_Exercise description_
Your task is to return exactly the lines that run from the one containing "Villa de l'O - 24" through the end of the listing below, without any pictures.

Start of Stored data

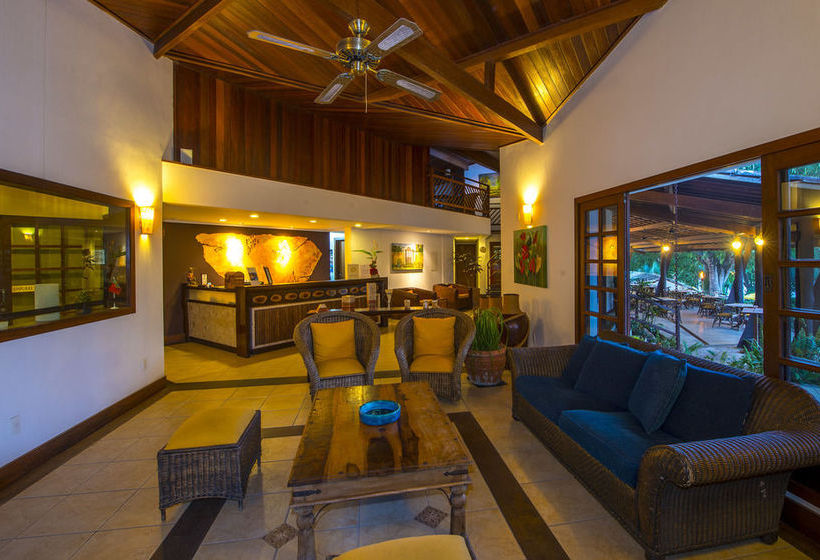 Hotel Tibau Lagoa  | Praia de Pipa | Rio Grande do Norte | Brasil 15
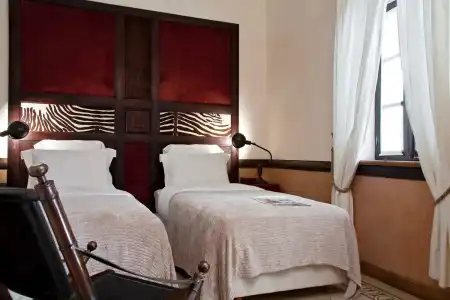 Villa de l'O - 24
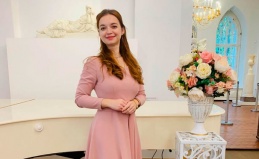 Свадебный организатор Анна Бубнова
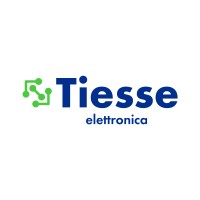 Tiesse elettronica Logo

End of Stored data

_Task solution_
 Villa de l'O - 24
 Свадебный организатор Анна Бубнова
 Tiesse elettronica Logo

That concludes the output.